Instructions to follow: Within the records below is a range that opens at the line with "61 - Military" and closes at the line with "Freestyler Black Radio Stereo". Return that range word for word, both ends included, and only that range.

Data supplied:
● ● ● ● ● ● ●
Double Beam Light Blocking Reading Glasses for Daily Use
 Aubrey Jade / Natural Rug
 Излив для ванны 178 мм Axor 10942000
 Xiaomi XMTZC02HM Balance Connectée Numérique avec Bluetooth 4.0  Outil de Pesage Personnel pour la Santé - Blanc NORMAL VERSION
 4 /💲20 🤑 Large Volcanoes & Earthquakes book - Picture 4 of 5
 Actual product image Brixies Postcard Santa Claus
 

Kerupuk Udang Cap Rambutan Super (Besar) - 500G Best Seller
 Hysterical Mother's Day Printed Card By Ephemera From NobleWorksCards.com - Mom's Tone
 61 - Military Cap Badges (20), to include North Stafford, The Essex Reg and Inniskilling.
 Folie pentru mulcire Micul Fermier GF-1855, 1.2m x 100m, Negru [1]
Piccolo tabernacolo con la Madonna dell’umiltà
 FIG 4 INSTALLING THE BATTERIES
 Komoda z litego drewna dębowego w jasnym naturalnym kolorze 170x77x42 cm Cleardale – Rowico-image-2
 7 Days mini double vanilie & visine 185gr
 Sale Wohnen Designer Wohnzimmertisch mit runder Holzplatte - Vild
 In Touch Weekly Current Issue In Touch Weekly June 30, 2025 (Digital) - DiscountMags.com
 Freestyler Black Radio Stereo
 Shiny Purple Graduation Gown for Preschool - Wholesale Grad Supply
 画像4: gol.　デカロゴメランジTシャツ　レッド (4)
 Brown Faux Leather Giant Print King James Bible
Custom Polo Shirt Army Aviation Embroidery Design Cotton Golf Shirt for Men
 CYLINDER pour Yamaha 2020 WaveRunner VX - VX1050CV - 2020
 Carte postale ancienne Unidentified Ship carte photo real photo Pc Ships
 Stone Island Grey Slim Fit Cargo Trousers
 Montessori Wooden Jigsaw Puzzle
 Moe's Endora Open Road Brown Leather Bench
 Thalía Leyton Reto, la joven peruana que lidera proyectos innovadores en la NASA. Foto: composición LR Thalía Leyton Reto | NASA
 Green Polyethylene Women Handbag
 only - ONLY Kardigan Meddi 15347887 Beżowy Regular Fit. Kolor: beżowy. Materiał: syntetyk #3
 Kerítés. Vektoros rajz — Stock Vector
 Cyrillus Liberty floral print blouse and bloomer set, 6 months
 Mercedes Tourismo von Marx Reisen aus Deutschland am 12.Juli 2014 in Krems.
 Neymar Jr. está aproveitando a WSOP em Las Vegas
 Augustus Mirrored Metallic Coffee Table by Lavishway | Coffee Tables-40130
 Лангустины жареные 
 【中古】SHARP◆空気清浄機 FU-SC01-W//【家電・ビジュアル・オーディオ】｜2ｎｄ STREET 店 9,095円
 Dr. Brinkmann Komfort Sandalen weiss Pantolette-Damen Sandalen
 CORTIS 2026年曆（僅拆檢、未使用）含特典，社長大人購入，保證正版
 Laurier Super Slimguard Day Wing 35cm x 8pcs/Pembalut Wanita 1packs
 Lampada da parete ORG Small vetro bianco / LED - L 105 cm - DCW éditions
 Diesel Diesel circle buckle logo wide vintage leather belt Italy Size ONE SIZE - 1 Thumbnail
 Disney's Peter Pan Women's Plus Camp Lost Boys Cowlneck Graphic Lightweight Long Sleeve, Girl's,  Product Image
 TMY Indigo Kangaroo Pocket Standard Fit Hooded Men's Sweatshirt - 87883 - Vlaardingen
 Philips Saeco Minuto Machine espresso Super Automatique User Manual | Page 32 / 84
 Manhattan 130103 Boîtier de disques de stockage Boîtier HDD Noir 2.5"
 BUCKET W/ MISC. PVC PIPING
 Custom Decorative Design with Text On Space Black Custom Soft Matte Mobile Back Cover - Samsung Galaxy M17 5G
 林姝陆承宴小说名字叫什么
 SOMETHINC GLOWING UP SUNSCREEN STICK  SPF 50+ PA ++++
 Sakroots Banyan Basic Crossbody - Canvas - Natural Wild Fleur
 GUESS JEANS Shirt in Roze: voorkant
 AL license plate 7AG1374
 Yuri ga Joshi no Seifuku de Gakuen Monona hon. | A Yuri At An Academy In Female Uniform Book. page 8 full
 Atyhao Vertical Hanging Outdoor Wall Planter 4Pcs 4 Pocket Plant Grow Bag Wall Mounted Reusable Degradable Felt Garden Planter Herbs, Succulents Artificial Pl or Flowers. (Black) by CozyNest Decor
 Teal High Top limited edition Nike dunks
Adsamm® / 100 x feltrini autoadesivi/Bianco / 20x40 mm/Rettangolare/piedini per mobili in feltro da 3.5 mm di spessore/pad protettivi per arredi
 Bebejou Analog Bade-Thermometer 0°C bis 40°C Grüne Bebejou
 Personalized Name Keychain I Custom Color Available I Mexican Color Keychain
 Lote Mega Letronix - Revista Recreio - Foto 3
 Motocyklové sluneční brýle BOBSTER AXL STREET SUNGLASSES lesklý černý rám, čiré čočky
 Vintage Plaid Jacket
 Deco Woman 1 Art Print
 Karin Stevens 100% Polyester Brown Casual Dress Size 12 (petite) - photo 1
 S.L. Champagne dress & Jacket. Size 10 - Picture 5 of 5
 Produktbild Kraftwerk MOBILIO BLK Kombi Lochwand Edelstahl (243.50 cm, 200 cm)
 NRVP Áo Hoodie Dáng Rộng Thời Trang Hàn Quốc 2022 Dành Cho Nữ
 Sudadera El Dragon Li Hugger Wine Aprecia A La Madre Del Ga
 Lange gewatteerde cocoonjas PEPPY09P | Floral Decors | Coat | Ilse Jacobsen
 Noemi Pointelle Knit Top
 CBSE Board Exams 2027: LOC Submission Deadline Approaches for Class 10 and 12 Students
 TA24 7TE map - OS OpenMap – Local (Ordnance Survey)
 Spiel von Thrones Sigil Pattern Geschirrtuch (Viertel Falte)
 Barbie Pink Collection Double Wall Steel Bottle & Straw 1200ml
● ● ● ● ● ● ●
Final answer:
 61 - Military Cap Badges (20), to include North Stafford, The Essex Reg and Inniskilling.
 Folie pentru mulcire Micul Fermier GF-1855, 1.2m x 100m, Negru [1]
Piccolo tabernacolo con la Madonna dell’umiltà
 FIG 4 INSTALLING THE BATTERIES
 Komoda z litego drewna dębowego w jasnym naturalnym kolorze 170x77x42 cm Cleardale – Rowico-image-2
 7 Days mini double vanilie & visine 185gr
 Sale Wohnen Designer Wohnzimmertisch mit runder Holzplatte - Vild
 In Touch Weekly Current Issue In Touch Weekly June 30, 2025 (Digital) - DiscountMags.com
 Freestyler Black Radio Stereo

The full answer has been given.